::: Dataset excerpts :::
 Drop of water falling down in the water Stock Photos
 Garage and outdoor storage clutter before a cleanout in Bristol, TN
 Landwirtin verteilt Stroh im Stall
:::
::: Dataset excerpts :::
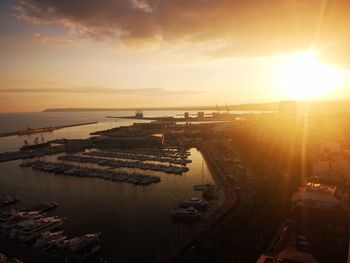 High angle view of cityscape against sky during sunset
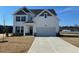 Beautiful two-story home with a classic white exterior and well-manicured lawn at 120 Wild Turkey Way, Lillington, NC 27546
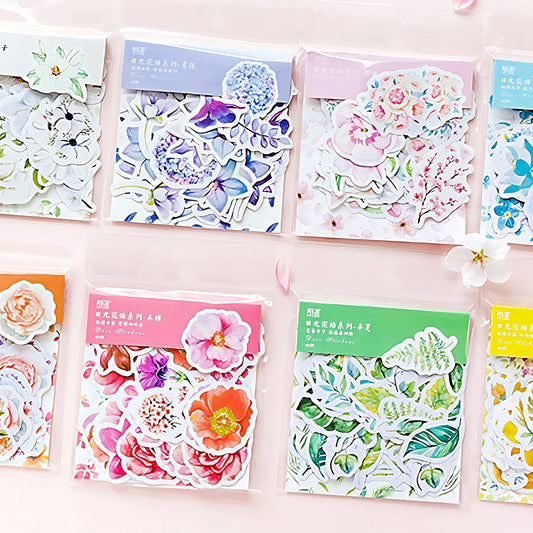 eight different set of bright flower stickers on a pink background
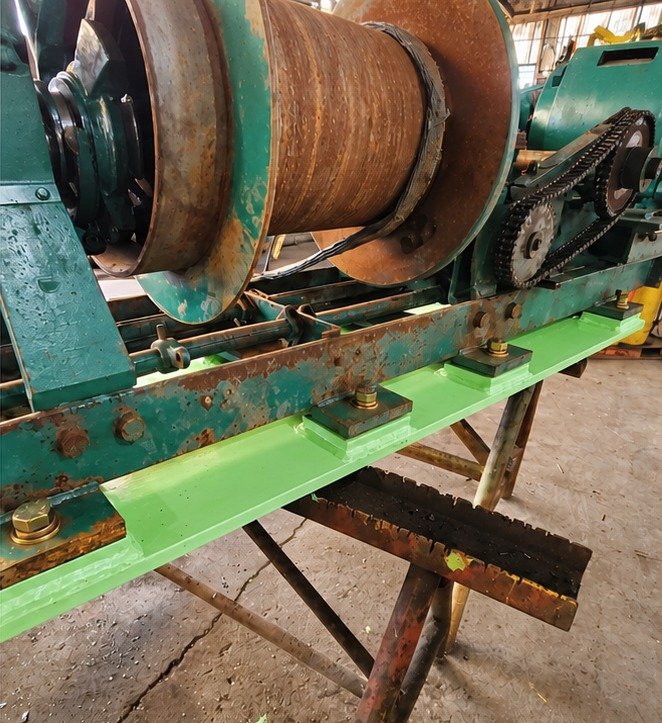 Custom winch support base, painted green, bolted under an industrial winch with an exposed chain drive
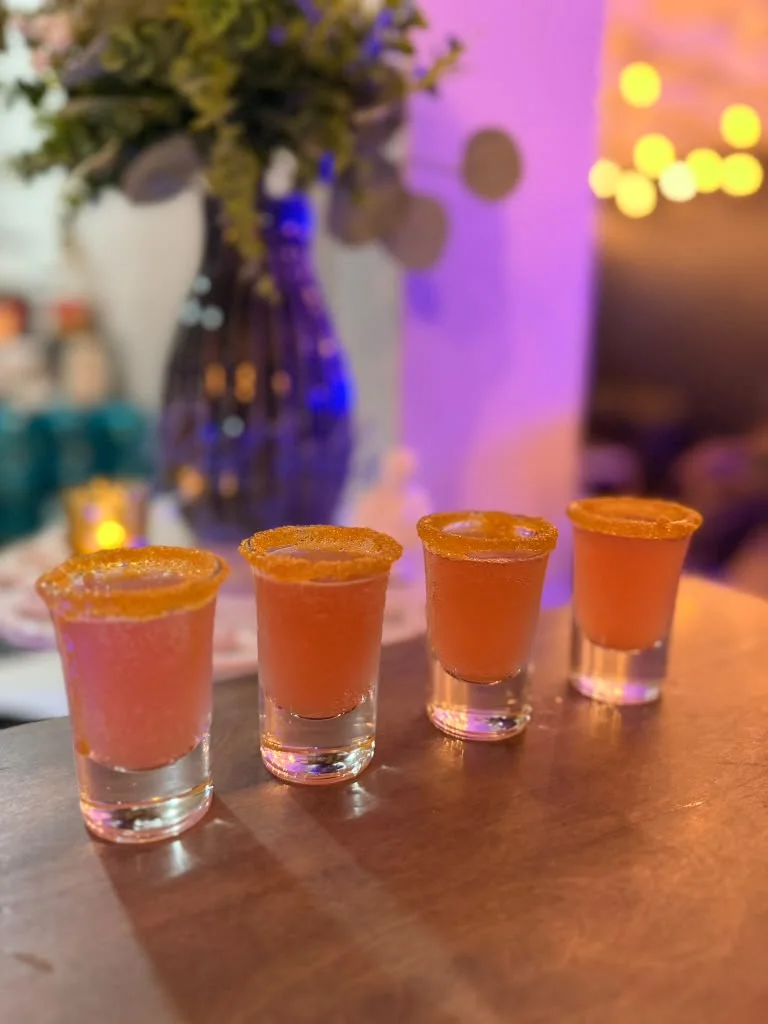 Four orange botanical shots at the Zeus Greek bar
:::
About this exercise
The data above holds the lines to copy: start at the one with "Beautiful two-story home", stop at the one with "Four orange botanical", include both, copy them exactly without pictures, and copy nothing else.

Result of the exercise
 Beautiful two-story home with a classic white exterior and well-manicured lawn at 120 Wild Turkey Way, Lillington, NC 27546
 eight different set of bright flower stickers on a pink background
 Custom winch support base, painted green, bolted under an industrial winch with an exposed chain drive
 Four orange botanical shots at the Zeus Greek bar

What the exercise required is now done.